Merhaba sevgili okurlar…
Yeni bir eğitim-öğretim maratonu için okul zilleri geçmiş dönemlerden devraldığı sorunlarla çalmaya başladı. Hatırlarsanız, bu köşede uzun uzadıya eğitim sorunlarımızdan bahsetmiştik sizlere…
2009-2. dönem öğretmen atamaları da gerçekleşti 15 Eylül itibariyle. Bu atamaların üzerinden Gaziantep'imizin eğitim-öğretim sorunlarına sıcağı sıcağına tekrar bakalım istedim:
Eğitim-öğretimin temel sacayaklarından biri öğretmenlerdir, biliyorsunuz. İlimizde Haziran 2009 verilerine göre 3560 öğretmen açığı bulunmakta. Bunlardan 352 tanesi sınıf öğretmeni, 3208 tanesi branş öğretmeni. Rakamların büyüklüğüne lütfen dikkat edin: 3560 tane öğretmen eksik…
Gelin görün ki son atama döneminde ilimize toplamda atanan öğretmen sayısı 90… 3470 öğretmen hâlâ eksik… Bu noktada sormak gerekiyor: Bu kadar öğretmen açığının olduğu bir ilde sağlıklı bir eğitim-öğretim yapılabilir mi? Gaziantep'in SBS ve ÖSS gibi branş dersleri konularının temel alındığı sınavlarda başarılı olma şansı var mı bu kadar eksikle?
Geçenlerde yine Gaziantep Üniversitesi bünyesinde ilimizin eğitim-öğretimle ilgili sorunlarına dair birtakım toplantılar yapıldı, çalışmalar planlandı. Ancak, eğitim-öğretimin temel uygulayıcı unsurlarından olan öğretmenlerin eksik oluşu bu tür çalışmalarda çok fazla yol alınamayacağının önemli göstergelerindendir.
Biliyorsunuz, iktidar partisi son yapılan hem genel hem yerel seçimlerde ezici bir üstünlük sağladı siyasi rakiplerine. 7 milletvekili çıkardı ve büyükşehir dâhil, 3 merkez ilçe belediyesini de kazandı, ilimizde. Bu kazanımlar, AKP merkezli siyasi yapının kâğıt üstünde önemli bir güç merkezi haline geldiğinin de önemli bir göstergesi hiç şüphesiz…
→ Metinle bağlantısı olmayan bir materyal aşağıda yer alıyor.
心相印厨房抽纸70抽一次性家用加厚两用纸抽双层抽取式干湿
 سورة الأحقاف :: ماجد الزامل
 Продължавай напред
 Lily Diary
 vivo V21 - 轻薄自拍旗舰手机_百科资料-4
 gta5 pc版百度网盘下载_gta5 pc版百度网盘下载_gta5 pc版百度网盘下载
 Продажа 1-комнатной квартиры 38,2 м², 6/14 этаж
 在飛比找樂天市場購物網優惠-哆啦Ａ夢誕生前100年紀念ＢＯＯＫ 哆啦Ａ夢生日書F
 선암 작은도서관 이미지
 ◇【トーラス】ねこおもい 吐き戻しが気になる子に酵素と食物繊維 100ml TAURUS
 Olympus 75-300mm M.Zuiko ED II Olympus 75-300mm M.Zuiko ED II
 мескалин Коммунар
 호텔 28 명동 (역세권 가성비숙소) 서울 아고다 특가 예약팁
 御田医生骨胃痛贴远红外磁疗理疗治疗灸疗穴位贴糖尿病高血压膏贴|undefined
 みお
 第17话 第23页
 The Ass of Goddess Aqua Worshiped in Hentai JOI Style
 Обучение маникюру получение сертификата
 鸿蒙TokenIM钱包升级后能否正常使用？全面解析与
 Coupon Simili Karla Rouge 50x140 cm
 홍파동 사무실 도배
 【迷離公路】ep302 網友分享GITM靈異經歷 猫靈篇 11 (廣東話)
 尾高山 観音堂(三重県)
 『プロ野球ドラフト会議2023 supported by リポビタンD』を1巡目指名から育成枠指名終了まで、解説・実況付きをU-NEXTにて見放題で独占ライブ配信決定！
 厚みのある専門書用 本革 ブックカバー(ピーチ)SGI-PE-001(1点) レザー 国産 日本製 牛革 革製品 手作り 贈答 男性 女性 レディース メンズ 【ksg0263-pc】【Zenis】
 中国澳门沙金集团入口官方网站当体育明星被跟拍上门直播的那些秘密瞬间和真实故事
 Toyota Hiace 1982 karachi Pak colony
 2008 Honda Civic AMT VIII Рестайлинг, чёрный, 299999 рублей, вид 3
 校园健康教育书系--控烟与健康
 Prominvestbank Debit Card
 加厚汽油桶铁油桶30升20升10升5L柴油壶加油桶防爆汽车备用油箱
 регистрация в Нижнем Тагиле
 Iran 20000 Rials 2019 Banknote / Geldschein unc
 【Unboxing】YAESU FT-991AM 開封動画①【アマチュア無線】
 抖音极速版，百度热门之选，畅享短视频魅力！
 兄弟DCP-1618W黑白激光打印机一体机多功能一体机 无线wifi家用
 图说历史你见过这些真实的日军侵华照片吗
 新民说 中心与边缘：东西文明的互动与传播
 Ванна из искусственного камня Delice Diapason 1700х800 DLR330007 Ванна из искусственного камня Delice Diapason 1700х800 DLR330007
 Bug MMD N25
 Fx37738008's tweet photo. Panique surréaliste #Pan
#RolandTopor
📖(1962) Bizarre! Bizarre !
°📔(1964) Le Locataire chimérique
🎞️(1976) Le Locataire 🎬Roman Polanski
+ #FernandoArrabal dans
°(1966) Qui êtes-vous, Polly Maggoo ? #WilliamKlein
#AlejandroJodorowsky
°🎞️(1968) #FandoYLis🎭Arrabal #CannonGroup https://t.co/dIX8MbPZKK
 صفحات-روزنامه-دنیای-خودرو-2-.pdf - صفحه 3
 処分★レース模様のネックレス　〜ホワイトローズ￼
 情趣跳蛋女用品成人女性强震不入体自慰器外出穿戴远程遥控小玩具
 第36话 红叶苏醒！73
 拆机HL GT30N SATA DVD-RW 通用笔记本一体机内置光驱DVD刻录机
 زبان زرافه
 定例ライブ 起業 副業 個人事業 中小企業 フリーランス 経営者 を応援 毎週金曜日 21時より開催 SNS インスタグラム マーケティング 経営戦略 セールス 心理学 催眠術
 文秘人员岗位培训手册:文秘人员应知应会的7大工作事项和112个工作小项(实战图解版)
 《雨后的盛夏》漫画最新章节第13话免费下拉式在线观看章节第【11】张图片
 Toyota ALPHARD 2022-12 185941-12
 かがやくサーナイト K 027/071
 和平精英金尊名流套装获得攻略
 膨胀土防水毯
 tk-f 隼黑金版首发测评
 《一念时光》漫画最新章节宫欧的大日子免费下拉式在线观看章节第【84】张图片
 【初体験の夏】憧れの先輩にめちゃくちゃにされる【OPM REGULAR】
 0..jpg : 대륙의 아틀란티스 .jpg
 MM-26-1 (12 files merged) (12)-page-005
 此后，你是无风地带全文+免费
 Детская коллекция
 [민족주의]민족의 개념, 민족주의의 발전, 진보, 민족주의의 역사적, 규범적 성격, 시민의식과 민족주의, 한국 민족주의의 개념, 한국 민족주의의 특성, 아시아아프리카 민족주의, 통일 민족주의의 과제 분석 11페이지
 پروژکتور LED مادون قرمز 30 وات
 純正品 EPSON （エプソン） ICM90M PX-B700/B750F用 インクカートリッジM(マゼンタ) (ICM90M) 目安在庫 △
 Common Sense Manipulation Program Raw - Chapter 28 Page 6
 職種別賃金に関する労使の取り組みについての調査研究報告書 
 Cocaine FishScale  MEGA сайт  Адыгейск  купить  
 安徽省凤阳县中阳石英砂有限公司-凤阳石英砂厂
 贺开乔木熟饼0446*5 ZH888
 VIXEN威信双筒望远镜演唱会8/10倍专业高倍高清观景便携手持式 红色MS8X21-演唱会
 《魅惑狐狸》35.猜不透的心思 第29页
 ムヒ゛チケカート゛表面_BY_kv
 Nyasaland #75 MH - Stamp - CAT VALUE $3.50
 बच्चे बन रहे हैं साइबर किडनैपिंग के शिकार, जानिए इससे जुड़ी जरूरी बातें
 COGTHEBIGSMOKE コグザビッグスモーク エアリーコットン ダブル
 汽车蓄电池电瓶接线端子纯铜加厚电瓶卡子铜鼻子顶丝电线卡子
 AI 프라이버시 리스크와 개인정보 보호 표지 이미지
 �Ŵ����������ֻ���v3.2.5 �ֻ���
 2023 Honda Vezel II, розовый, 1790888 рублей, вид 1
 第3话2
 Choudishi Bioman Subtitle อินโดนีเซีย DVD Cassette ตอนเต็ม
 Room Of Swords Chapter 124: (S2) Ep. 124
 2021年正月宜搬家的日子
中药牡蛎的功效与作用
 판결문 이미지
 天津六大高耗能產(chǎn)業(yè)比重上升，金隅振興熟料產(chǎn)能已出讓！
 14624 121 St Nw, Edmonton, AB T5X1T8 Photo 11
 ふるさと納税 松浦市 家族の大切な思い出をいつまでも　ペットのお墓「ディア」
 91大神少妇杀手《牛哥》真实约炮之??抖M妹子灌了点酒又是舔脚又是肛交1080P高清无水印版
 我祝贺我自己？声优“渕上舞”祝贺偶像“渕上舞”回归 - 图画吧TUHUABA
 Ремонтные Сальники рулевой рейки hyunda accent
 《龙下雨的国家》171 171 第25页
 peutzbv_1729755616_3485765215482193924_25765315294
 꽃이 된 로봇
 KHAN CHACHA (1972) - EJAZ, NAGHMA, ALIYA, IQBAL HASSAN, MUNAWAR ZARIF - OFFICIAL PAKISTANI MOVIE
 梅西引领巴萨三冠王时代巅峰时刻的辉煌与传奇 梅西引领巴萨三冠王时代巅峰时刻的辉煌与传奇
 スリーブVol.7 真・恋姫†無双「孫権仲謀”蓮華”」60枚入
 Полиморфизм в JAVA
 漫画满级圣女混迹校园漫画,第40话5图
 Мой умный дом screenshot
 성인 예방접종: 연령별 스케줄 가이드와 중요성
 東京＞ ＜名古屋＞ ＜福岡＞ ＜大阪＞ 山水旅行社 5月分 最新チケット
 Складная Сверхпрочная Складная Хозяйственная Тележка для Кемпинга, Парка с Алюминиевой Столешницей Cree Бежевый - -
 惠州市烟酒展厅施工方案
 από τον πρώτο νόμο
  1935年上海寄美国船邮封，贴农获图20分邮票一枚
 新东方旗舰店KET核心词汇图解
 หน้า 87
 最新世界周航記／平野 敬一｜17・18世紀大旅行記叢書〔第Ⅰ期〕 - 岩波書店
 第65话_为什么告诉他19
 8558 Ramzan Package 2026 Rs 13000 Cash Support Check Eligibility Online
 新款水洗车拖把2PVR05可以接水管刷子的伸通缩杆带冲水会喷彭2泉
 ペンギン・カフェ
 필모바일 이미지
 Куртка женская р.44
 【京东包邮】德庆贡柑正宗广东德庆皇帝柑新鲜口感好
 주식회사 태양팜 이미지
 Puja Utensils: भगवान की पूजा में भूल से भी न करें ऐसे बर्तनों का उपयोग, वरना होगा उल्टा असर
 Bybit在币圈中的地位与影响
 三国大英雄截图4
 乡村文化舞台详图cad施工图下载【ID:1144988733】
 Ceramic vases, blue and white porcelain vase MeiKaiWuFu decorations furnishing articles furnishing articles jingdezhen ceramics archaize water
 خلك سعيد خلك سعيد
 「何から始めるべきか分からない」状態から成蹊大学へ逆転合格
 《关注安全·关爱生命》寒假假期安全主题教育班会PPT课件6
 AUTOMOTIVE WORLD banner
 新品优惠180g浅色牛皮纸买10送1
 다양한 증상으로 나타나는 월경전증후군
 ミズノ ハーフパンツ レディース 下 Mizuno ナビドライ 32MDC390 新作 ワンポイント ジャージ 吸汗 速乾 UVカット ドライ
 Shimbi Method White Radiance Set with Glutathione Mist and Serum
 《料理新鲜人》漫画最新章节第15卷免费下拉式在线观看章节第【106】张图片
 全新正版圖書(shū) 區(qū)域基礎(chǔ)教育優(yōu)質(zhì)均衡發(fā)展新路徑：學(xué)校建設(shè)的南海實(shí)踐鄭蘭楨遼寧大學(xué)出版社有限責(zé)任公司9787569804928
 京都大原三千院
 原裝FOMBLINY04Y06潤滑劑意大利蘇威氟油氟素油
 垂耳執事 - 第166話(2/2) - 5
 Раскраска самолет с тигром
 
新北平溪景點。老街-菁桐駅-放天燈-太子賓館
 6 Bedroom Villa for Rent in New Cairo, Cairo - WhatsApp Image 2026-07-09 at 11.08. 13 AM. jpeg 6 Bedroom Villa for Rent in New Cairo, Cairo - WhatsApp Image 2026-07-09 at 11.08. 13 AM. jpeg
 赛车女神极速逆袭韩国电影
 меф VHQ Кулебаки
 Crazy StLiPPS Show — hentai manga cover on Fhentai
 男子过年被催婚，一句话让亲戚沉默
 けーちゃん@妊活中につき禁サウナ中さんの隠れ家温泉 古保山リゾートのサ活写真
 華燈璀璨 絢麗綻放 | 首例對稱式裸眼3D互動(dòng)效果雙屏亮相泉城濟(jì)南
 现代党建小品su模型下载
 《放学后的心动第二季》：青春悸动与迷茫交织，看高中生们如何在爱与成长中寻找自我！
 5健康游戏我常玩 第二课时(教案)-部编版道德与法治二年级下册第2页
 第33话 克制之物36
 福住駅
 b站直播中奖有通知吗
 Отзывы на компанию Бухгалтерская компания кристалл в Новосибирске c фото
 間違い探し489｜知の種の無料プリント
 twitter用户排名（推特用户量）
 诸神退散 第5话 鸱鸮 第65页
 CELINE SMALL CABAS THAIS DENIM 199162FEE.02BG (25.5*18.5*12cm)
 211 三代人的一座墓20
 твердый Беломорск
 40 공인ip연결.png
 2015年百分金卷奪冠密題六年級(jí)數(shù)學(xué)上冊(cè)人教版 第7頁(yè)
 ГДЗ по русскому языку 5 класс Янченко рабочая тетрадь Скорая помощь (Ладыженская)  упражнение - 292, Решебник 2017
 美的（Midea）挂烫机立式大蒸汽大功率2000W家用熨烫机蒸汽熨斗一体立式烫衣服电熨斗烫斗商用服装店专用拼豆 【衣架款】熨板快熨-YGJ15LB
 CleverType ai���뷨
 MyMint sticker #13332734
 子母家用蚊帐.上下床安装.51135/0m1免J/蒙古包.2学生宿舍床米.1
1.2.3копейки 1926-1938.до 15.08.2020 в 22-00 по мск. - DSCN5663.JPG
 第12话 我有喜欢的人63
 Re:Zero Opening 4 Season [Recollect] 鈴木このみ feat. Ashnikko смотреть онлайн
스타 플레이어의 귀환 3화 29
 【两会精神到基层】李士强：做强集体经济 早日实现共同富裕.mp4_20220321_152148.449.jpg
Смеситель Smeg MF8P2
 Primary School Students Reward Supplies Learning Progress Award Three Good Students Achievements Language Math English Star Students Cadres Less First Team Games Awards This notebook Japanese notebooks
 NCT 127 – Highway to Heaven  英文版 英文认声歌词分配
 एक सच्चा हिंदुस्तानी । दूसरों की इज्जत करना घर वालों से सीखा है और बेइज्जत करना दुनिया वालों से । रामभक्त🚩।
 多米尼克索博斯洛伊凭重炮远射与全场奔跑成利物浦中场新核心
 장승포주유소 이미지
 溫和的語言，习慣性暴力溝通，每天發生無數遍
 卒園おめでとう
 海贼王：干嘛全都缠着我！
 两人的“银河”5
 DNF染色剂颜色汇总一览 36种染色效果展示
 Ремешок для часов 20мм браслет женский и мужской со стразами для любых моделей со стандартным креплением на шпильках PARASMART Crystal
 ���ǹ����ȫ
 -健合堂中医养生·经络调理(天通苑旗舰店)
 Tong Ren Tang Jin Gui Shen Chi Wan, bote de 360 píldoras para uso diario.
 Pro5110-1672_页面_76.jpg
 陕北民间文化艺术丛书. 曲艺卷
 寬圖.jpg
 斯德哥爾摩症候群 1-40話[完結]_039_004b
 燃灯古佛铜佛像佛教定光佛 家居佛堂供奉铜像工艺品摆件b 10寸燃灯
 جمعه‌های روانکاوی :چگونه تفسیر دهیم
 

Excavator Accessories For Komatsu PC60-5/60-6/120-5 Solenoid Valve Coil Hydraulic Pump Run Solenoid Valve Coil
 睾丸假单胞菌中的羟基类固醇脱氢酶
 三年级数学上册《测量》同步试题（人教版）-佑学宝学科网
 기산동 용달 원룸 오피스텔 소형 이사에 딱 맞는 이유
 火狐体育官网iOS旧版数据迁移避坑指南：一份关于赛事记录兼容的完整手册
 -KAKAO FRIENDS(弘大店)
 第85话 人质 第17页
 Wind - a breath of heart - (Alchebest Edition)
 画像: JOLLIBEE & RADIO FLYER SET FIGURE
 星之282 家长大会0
Ancak elde edilen güç ile o gücü kullanma potansiyeli/niyeti/becerisi (nasıl isterseniz öyle okuyun) arasında ters bir orantı bulunduğu da ortada… Çünkü eğitim-öğretim ilimizin başat sorunlarından biri olarak orta yerde durmakta hâlâ… Bu sorunları çözmek adına bu milletvekillerimiz ve belediyelerimiz ne gibi çalışmalar yapıyor acaba? Birçok çalışma yapılamazdı mıydı? Örneğin, Sayın Milli Eğitim Bakanı'yla grup halinde görüşülüp ilimizin eğitimle ilgili problemleri dillendirilemez miydi? Son öğretmen atamalarında ilimize daha fazla kontenjan sağlanması konusunda ısrarcı olamazlar mıydı? Hatta bu görüşmelere ilimizin belediye başkanlarını da dâhil ederek hem merkezde (Ankara'da) hem de ilimizde önemli bir kamuoyu oluşturamazlar mıydı?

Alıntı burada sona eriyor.